# Action item:
Your answer is to be the exact text of the lines from the one containing "im Schlafzimmer eingebaute" through the final line of the entries, restated in full, with pictures omitted.

(Stored data entries)

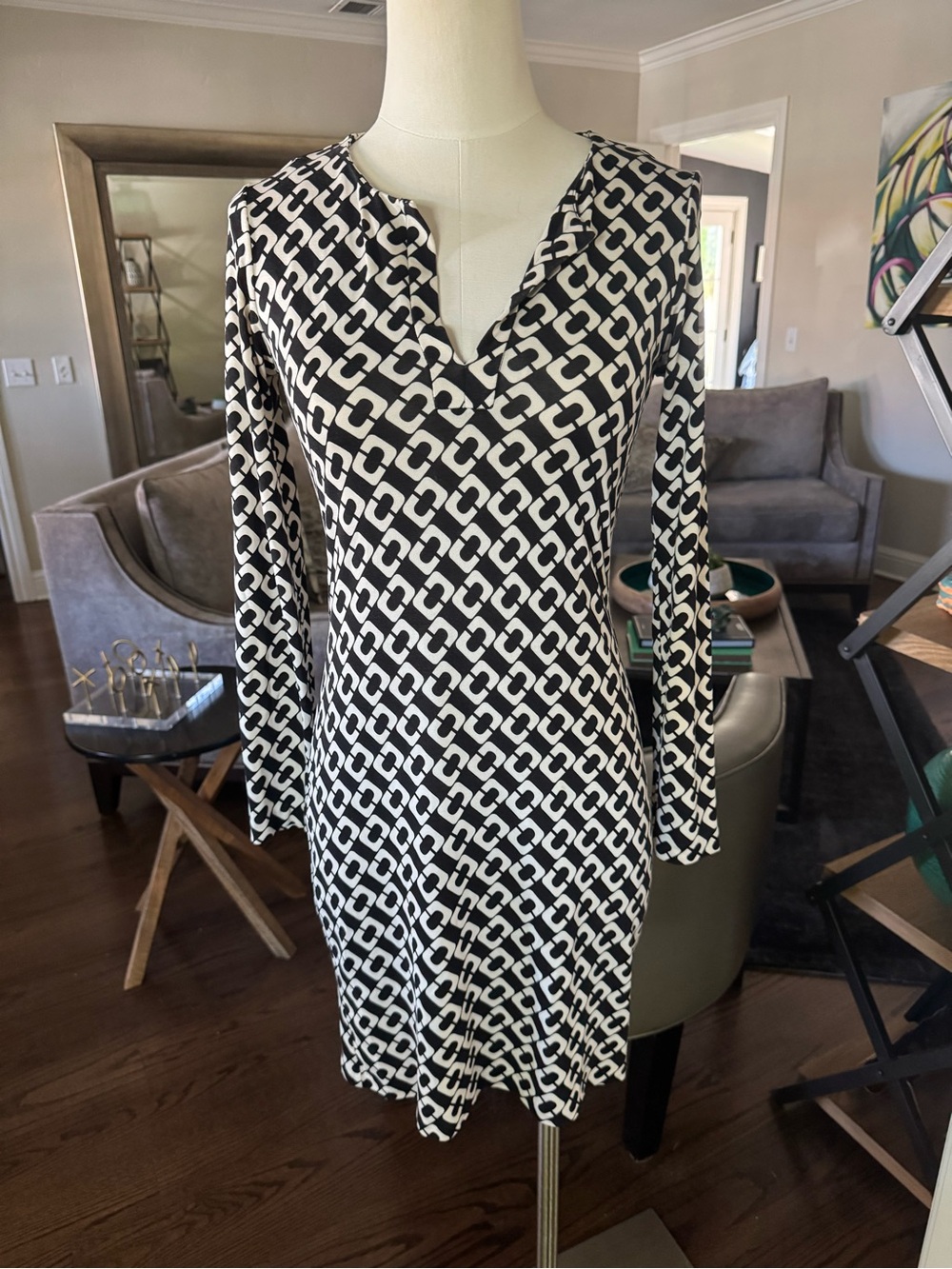 Diane Von Furstenberg Black and White Geometric V-Neck Long-Sleeve Dress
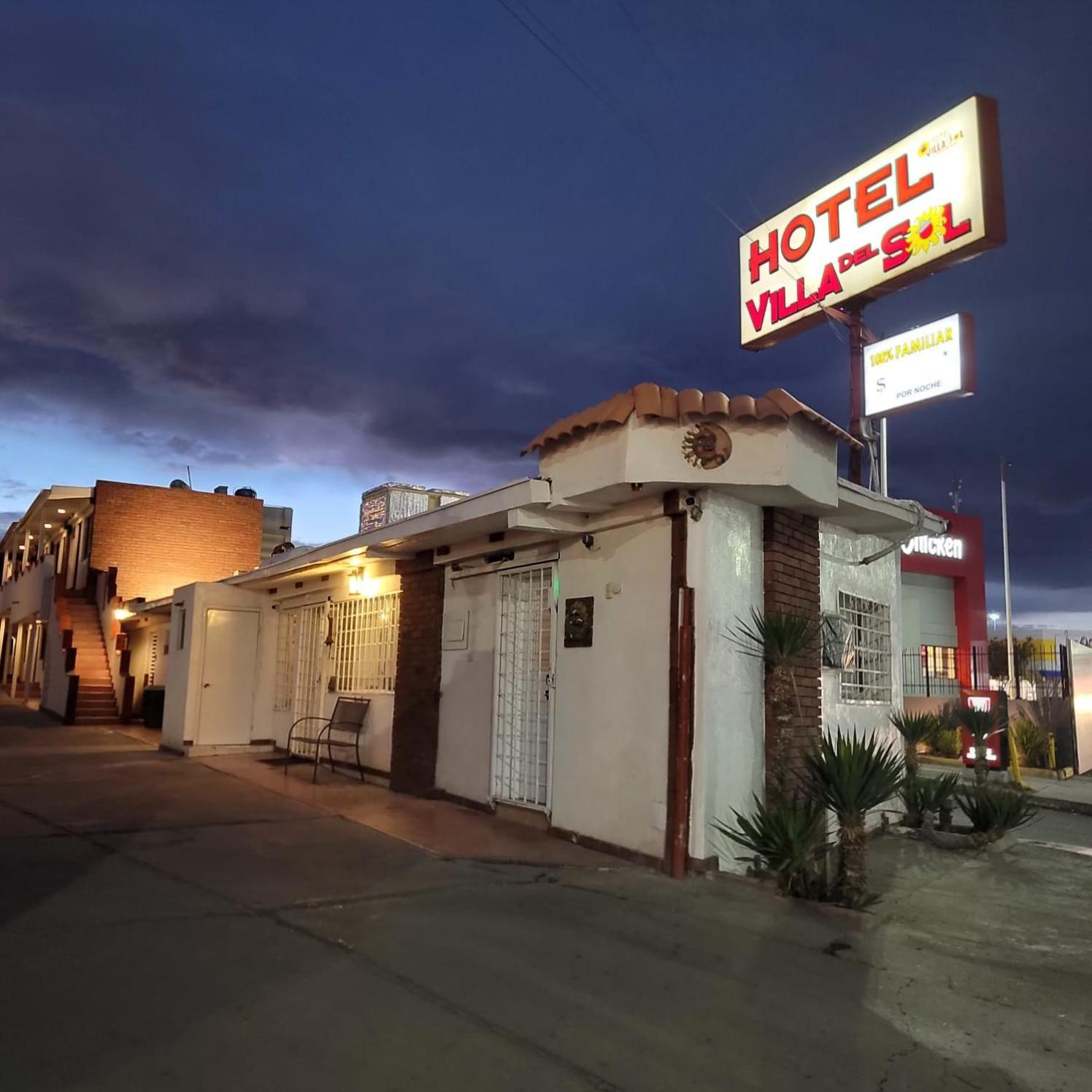 Hotel Villa del Sol Chihuahua 2/35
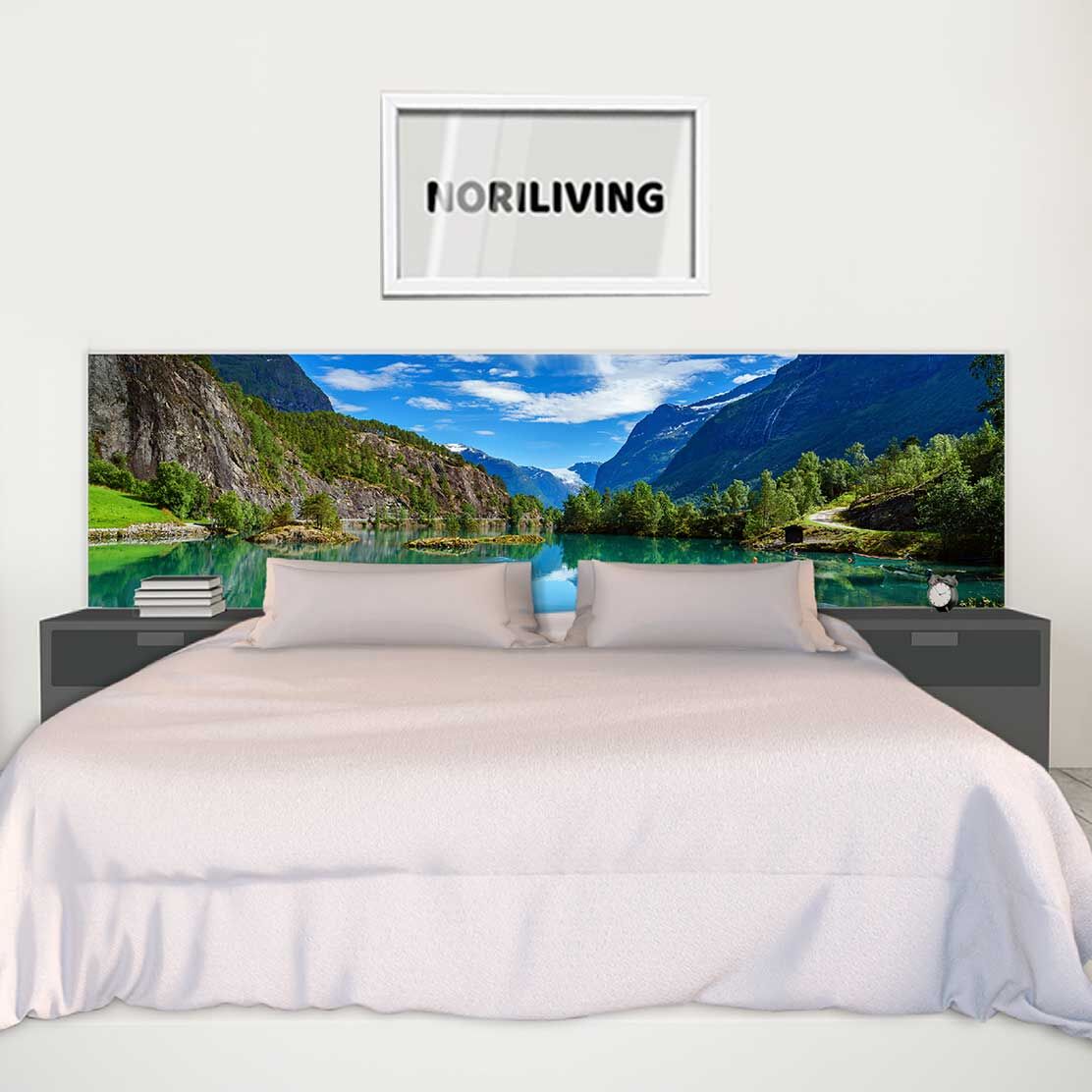 im Schlafzimmer eingebaute Bettrückwand mit Motiv Gebirgssee in Norwegen 798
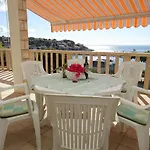 Seaside With A Swimming Pool Zavalatica, Korcula - 9150 Διαμέρισμα *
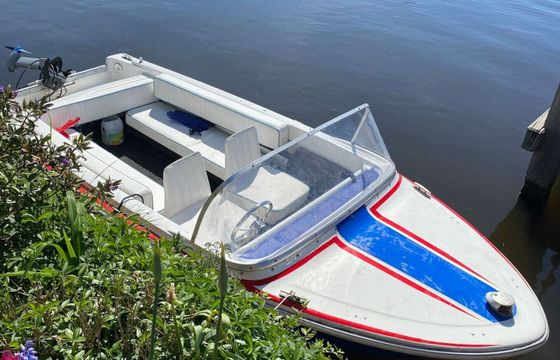 Boat without licence  sunseeker 14 3hp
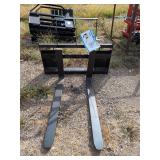 (1) CFI Industrial SAll100 - Skid Steer Adjustable Fork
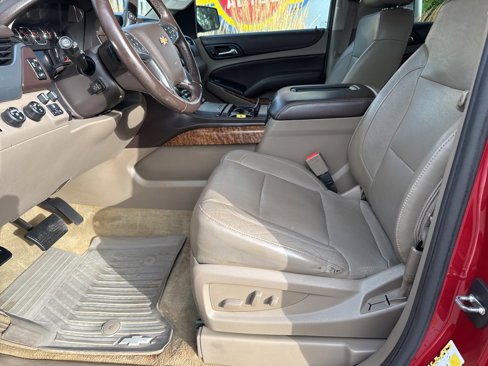 Used 2015 Chevrolet Suburban LTZ image 2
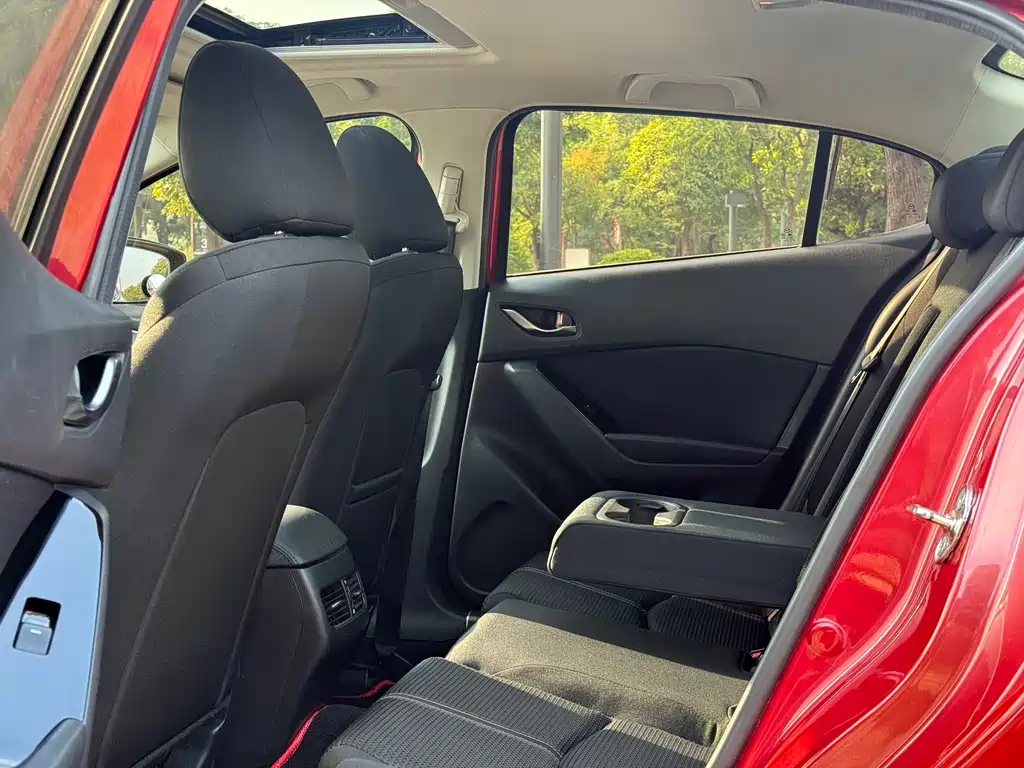 Mazda Mazda3 3 2017 1.5L AT Luxury V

# Your solution:
 im Schlafzimmer eingebaute Bettrückwand mit Motiv Gebirgssee in Norwegen 798
 Seaside With A Swimming Pool Zavalatica, Korcula - 9150 Διαμέρισμα *
 Boat without licence  sunseeker 14 3hp
 (1) CFI Industrial SAll100 - Skid Steer Adjustable Fork
 Used 2015 Chevrolet Suburban LTZ image 2
 Mazda Mazda3 3 2017 1.5L AT Luxury V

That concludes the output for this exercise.